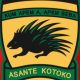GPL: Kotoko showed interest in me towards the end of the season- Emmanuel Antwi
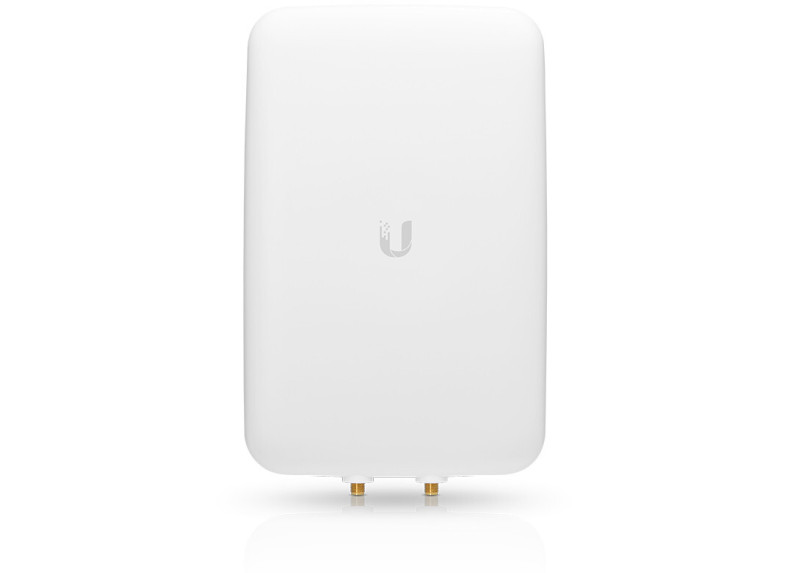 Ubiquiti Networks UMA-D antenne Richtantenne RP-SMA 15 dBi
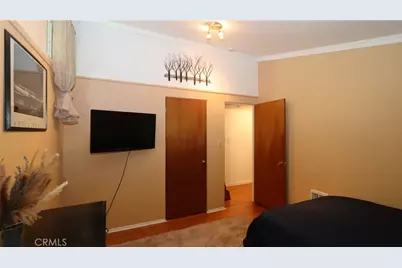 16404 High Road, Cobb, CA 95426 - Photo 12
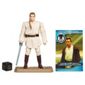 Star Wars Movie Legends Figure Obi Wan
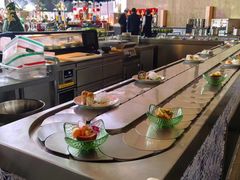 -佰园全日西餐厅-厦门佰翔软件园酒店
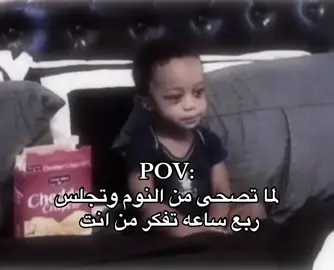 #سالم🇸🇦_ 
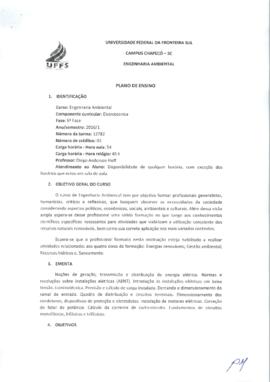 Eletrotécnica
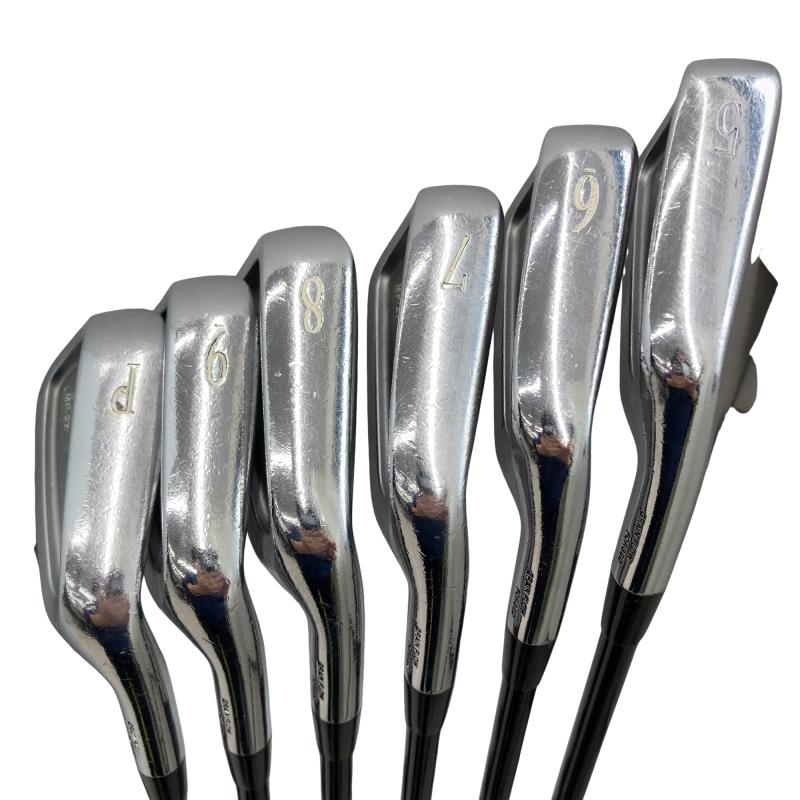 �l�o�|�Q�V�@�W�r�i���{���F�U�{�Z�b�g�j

### WORK REQUEST
Once the pictures are removed, output the remaining material exactly.

### WRITTEN REPLY
GPL: Kotoko showed interest in me towards the end of the season- Emmanuel Antwi
 Ubiquiti Networks UMA-D antenne Richtantenne RP-SMA 15 dBi
 16404 High Road, Cobb, CA 95426 - Photo 12
 Star Wars Movie Legends Figure Obi Wan
 -佰园全日西餐厅-厦门佰翔软件园酒店
 #سالم🇸🇦_ 
 Eletrotécnica
 �l�o�|�Q�V�@�W�r�i���{���F�U�{�Z�b�g�j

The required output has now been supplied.